Súbitamente, con una sacudida que casi nos arrojó a todos al suelo, el vagón comenzó a moverse, a medida que la locomotora iba arrastrando su carga maldita, rumbo a ninguna parte. Supuse que el destino era lo de menos, ya que cuando llegásemos allí todos seríamos unos monstruos sin conciencia.
Podía leer en todos los rostros el mismo temor que me atormentaba. Cada uno veía en su vecino a un potencial asesino, incluso en el caso de familias completas de padres e hijos. El afable jamaicano de rastas, la guapa chicana que acunaba a su bebé de pocos meses mientras le cantaba una canción de cuna… en pocas horas se convertirían en algo muchísimo peor que los Guardias Verdes que nos habían metido a la fuerza en aquella ratonera. Era horrible.
Algunas personas sacaron de entre sus ropas los más singulares recipientes llenos de Cladoxpan. Los afortunados tenían botellas de más de tres litros, mientras que los menos previsores tan sólo poseían una cantidad ridícula, o lo que era peor, nada de nada. Todo dependía de lo que llevasen encima en el momento de su detención. Lo más razonable habría sido reunir todo aquel preciado líquido y racionarlo equitativamente entre la multitud, pero aquello no iba a suceder. Cada uno sujetaba su frasco con la mirada hosca y defensiva de un perro sujetando un hueso, y al fondo ya se oían los primeros gritos, empujones y amenazas. Sospechaba que antes de que acabase aquel viaje seríamos testigos de más de un asesinato.
De repente fui consciente de que yo no tenía más que la mitad del bote que me había dado Grapes la noche anterior. Angustiado, saqué el botellín y lo agité, con la estúpida esperanza de que por arte de magia se hubiese rellenado solo. Abatido, comprobé que tan sólo tenía unos quince centilitros. Con aquello podría aguantar unas tres o cuatro horas, nada más. Estaba jodido.

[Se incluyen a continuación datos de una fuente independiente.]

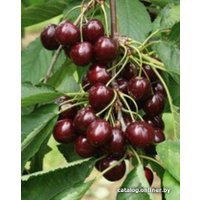  Долина Растений Вишня Шоколадница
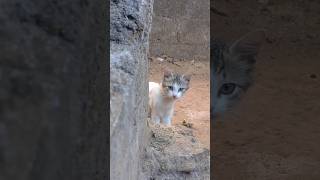 ഏതാ ഈ കുട്ടി 😍Wait till end😍#shortsfeed #cat #cats #catlover #cute cat #animals #short #shots#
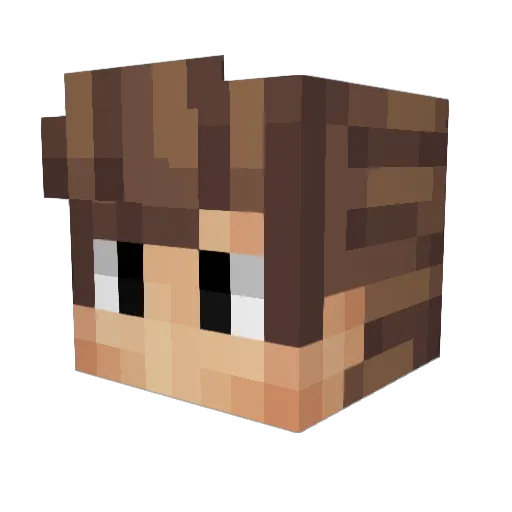 Veto_Delighter Minecraft avatar head, 3D render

Lúculo se revolvió en su cesta, incómodo y dolorido. No tenía espacio para apoyarla en el suelo, así que me la colgué de un brazo y con el que me quedaba libre saqué al gato de su prisión. La herida no tenía mal aspecto, ya que alguien se había tomado la molestia de desinfectarla, pero mi gato había perdido mucha sangre, y sospechaba que se moría de sed. Sin duda, Lúculo no estaba en su mejor momento.
Cuando iba a volver a meterlo en la cesta me di cuenta de que aquella canasta de mimbre pesaba un montón. Demasiado, de hecho, para ser una cesta con una manta vieja en su interior. Procurando que no me viese nadie, metí de nuevo en ella al gato mientras rebuscaba en el fondo.
Mi mano tropezó con algo redondeado y frío al tacto. Apartando la manta, pude ver que en el fondo de la cesta había un termo que debía de tener unos cuatro litros de capacidad. Con cautela, desenrosqué la tapa y olfateé el contenido. El familiar aroma dulzón y ácido del Cladoxpan me golpeó la nariz.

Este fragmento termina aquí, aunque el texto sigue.